Часы в доме Канта идут себе, как надо, и вдруг останавливаются, и снова идут… А потом вдруг является совершенно гофмановский слуга Кауфан – Нияз Гаджиев, в обличье почти Щелкунчика, и попросту уносит ненужный циферблат.
Здесь вообще много загадок, которые Карбаускис не спешит прояснять, тем более, что герои его спектакля столь реалистичны. Богослов Шульц с его вечной присказкой «Господи, господи!», которую теперь с неподражаемыми интонациями Игоря Костолевского повторяют все, видевшие спектакль. Артист, кстати, очень точно попадает в стиль этого спектакля, виртуозно ведя своего героя от полнейшей благости к непонятной тревоге, не упуская из виду комизм общей ситуации, но не впадая в только лишь бытовой юмор.
Темпераментный судья Вигилянский – Александр Андриенко, везде видящий теорию британского заговора. Начальник полиции Шефнер – Виктор Запорожский, чуть что хватающийся за пистолет. И более спокойный доктор Йоэль – Юрий Коренев, в финале исчезающий неведомо куда.
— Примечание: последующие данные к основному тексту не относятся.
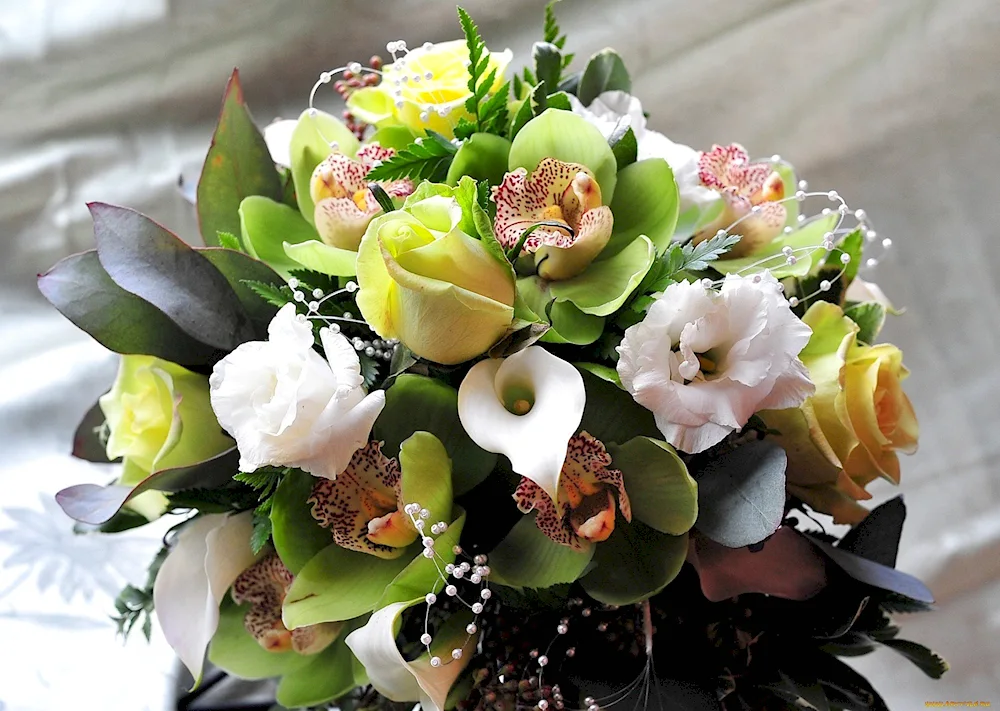 Cymbidium bridal bouquet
В отсутствии философских материй, которые категорически запрещены за обедом, все они тут заняты полной ерундой и нередко валяют дурака. Измеряют температуру супа, раскачиваются на стульях, травят байки и анекдоты. Увесистый фолиант «Критики чистого разума», без дела валяющийся на столе, сгодятся разве что для того, чтобы прихлопнуть какую-нибудь муху. Его никто так и не осилил, за исключением самого автора, да и тот удостаивается иронических реплик. Однако, хотят они того или нет, но все эти высокие и непонятные материи, умозрительные явления, здесь словно бы пропитали сам воздух, которым приходится дышать.
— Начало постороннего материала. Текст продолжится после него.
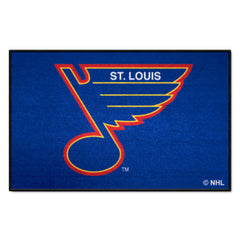 NHLRETRO St. Louis Blues Starter Mat Accent Rug - 19in. x 30in. - St. Louis Blues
И порой случаются необъяснимые материализации.
Ну кто такая эта Фоби Грин – Юлия Соломатина? Юная незнакомка, плохо говорящая по-немецки, все время попадающая в комичные лингвистические ситуации, является из ниоткуда и уходит в никуда. Зачем ей автограф Канта на упомянутой книге? В чем ее роль, кроме того, что послужила на время мощным омолаживающим средством для весьма зрелых мужчин, дружно распушивших перья?
Режиссер не дает ответа, заставляя Мартина – Лобоцкого прочитать весьма туманную запись Фоби Грин в его «учетной книге».
В нынешнем «Канте» действительно очень много «первого плана», смешного, но ближе к финалу приедающегося, как ежедневный суп. Явление двух монашек, Фридерики-Ребекки (Вера Панфилова) и Анны-Регины в ярчайшем исполнении Светланы Немоляевой, ищущих своего петуха, на время спасает ситуацию. А эпизод с распущенными волосами пожилой монахини – Немоляевой, поддавшейся инстинктивному зову плоти, так и просто заставляет дрогнуть зрительское сердце. Но дальше все начинает идти по кругу, даже немного утомляя, если уж честно. И почему-то вспоминается один из ранних спектаклей Карбаускиса в «Табакерке», который назывался «Долгий рождественский обед», где уже был использован «застольный» прием с деформацией реальности, звучавший тогда по-чеховски: люди обедают, а тем временем ломаются и заново складываются из обломков их судьбы.
Здесь этих усложнений и «символических» намеков нет. Центром ситуации становится актер, а режиссер уходит в его тень. Это тоже неплохо, тем более, что актерские работы весьма хороши.
И, быть может, чуть попозже, когда спектакль наберет полную силу, второй, не менее важный план, станет заметнее и ощутимее.